> [WHAT TO DO]:
Find how many lines of the listing include the string "Among", and report only that figure.

> [DATA LISTING]:
*** Begin section ***
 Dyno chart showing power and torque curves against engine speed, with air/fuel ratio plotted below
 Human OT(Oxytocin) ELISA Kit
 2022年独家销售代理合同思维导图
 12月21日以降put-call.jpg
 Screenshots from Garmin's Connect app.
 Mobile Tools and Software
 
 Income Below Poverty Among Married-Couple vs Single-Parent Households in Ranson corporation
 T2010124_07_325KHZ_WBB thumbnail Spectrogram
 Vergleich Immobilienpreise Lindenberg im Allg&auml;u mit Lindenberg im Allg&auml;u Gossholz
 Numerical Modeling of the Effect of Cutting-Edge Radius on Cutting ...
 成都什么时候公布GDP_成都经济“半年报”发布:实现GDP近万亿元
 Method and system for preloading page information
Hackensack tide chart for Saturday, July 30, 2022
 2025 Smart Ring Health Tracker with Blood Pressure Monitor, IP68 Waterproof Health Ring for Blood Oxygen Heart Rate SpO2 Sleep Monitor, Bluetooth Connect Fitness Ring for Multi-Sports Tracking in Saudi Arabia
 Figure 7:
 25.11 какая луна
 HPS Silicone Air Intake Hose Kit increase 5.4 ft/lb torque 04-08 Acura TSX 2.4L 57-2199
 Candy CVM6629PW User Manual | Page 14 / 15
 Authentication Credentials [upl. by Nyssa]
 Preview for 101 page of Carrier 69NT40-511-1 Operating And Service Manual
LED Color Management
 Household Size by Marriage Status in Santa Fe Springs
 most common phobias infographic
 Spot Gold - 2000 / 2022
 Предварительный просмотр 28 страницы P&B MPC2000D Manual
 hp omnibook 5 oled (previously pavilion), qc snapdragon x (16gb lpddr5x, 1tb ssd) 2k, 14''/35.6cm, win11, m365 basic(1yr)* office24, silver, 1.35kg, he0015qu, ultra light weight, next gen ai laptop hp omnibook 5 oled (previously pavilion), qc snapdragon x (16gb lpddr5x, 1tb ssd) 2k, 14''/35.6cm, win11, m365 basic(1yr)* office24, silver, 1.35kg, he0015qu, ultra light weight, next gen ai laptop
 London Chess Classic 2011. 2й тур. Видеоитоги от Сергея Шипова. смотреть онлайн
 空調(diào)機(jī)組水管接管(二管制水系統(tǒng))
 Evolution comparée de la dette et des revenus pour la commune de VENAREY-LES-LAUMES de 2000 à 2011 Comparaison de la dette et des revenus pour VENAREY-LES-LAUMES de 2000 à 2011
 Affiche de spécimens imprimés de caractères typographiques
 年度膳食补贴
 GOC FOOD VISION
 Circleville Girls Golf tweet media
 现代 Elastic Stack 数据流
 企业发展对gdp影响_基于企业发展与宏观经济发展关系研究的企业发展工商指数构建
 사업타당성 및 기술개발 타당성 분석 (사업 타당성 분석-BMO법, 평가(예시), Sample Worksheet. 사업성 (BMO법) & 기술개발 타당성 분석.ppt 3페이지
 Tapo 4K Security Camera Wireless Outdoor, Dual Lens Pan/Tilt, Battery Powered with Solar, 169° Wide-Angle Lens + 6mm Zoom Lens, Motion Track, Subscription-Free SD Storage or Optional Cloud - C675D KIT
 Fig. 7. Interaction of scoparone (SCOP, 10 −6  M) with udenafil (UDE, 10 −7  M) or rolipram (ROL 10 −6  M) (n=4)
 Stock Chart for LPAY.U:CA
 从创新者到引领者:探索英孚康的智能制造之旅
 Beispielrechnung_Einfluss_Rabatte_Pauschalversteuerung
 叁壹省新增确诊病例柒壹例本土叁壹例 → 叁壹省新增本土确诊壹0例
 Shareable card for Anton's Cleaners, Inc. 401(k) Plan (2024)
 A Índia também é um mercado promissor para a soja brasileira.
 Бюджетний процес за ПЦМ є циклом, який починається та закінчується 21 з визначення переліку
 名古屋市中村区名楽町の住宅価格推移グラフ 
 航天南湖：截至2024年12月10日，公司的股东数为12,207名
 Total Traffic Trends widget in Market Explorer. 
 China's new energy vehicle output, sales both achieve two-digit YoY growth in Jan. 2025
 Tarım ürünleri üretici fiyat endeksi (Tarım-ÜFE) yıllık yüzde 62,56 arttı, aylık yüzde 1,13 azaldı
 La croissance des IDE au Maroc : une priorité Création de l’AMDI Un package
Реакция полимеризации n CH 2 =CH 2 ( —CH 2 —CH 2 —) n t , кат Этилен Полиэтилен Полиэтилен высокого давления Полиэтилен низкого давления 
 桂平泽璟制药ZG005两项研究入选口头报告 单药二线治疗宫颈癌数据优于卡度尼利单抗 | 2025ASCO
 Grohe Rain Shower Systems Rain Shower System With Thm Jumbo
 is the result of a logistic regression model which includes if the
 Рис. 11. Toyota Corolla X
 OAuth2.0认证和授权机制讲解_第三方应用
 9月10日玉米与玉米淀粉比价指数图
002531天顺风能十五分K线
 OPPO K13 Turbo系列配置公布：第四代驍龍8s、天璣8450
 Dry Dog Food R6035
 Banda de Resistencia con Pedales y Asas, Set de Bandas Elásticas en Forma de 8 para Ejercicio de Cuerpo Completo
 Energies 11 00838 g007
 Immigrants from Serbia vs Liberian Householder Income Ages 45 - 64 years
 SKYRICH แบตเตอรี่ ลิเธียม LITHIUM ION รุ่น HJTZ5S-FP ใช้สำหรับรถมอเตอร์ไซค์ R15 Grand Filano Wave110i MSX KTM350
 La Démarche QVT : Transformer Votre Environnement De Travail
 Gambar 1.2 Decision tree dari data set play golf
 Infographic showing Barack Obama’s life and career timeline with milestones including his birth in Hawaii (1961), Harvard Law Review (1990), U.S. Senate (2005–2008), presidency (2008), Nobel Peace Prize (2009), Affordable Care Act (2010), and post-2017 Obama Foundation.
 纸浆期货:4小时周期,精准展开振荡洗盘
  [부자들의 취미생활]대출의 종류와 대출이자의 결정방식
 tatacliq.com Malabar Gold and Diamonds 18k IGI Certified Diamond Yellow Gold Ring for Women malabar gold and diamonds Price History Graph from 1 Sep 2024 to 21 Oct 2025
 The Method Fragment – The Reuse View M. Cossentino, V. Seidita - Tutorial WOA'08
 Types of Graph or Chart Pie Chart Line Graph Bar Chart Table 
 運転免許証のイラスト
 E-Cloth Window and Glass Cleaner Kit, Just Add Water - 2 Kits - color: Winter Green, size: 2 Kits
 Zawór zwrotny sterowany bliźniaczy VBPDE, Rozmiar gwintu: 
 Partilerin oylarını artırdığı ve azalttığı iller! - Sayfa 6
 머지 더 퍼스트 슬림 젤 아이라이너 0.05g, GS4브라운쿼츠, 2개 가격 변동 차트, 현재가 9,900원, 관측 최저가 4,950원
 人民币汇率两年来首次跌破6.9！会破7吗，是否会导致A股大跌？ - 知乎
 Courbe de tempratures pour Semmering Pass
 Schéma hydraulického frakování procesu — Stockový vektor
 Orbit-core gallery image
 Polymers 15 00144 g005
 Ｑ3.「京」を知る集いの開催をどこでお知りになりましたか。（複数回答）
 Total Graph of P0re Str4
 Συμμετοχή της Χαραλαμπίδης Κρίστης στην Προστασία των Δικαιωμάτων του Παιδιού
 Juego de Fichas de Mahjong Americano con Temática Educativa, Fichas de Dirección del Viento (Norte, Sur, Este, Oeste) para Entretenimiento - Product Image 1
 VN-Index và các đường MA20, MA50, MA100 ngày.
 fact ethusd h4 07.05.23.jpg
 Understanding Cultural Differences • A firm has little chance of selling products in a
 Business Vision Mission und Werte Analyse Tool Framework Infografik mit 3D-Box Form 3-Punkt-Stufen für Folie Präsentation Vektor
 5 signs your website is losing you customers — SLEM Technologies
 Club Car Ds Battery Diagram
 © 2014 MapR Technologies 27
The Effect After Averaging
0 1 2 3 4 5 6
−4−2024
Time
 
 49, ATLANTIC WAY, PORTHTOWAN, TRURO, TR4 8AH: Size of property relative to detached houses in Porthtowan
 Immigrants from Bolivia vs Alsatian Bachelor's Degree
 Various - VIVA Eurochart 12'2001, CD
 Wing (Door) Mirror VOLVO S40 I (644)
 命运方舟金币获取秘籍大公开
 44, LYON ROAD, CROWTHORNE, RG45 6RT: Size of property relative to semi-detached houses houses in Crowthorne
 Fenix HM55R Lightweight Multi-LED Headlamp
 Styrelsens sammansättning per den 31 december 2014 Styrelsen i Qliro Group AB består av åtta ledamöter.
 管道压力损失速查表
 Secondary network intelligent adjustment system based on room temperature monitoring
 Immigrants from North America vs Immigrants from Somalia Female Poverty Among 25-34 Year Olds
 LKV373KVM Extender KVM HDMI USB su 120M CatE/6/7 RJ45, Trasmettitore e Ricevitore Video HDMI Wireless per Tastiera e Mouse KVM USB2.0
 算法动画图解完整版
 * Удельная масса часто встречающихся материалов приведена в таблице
*** End section ***
> [RESULT OF THIS EXERCISE]:
2